▶ **Stored items**
_ _ _ _ _ _ _
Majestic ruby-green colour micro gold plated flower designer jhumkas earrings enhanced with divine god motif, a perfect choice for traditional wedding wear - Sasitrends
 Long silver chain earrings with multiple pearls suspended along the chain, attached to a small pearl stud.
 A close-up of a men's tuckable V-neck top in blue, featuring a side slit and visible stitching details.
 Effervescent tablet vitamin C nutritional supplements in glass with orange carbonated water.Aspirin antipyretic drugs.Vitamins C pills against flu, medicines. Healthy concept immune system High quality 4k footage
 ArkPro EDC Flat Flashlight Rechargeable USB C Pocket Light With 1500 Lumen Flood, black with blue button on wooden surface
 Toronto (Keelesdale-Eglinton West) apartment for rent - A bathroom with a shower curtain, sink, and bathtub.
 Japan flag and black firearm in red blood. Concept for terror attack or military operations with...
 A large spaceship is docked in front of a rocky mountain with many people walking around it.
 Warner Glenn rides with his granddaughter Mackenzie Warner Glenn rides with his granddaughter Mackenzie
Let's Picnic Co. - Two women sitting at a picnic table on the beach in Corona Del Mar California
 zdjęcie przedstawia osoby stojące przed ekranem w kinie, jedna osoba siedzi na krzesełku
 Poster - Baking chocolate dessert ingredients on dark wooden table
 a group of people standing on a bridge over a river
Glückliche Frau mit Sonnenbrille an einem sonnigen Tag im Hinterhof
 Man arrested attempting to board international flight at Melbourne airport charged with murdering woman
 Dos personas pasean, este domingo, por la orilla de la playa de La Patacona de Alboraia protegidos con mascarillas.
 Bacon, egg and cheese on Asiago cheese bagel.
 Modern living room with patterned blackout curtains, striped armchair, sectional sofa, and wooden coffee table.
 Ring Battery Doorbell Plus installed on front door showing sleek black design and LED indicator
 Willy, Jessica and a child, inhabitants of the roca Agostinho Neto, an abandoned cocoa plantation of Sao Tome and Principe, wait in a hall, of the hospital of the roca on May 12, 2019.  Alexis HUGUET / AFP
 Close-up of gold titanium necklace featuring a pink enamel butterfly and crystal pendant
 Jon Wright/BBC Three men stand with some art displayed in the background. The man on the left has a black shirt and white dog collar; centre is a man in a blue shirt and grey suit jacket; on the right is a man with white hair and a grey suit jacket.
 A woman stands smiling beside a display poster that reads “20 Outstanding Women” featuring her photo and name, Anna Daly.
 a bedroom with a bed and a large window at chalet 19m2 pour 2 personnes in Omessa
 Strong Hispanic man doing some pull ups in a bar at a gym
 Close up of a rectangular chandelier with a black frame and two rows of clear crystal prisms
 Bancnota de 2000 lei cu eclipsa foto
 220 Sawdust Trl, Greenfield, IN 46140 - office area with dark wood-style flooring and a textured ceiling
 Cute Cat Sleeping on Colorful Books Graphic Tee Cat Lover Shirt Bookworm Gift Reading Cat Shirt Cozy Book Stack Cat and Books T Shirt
_ _ _ _ _ _ _
Reprint exactly the lines above that start at the one with "Let's Picnic Co." and end at the one with "Poster - Baking", keeping both and adding none.

Let's Picnic Co. - Two women sitting at a picnic table on the beach in Corona Del Mar California
 zdjęcie przedstawia osoby stojące przed ekranem w kinie, jedna osoba siedzi na krzesełku
 Poster - Baking chocolate dessert ingredients on dark wooden table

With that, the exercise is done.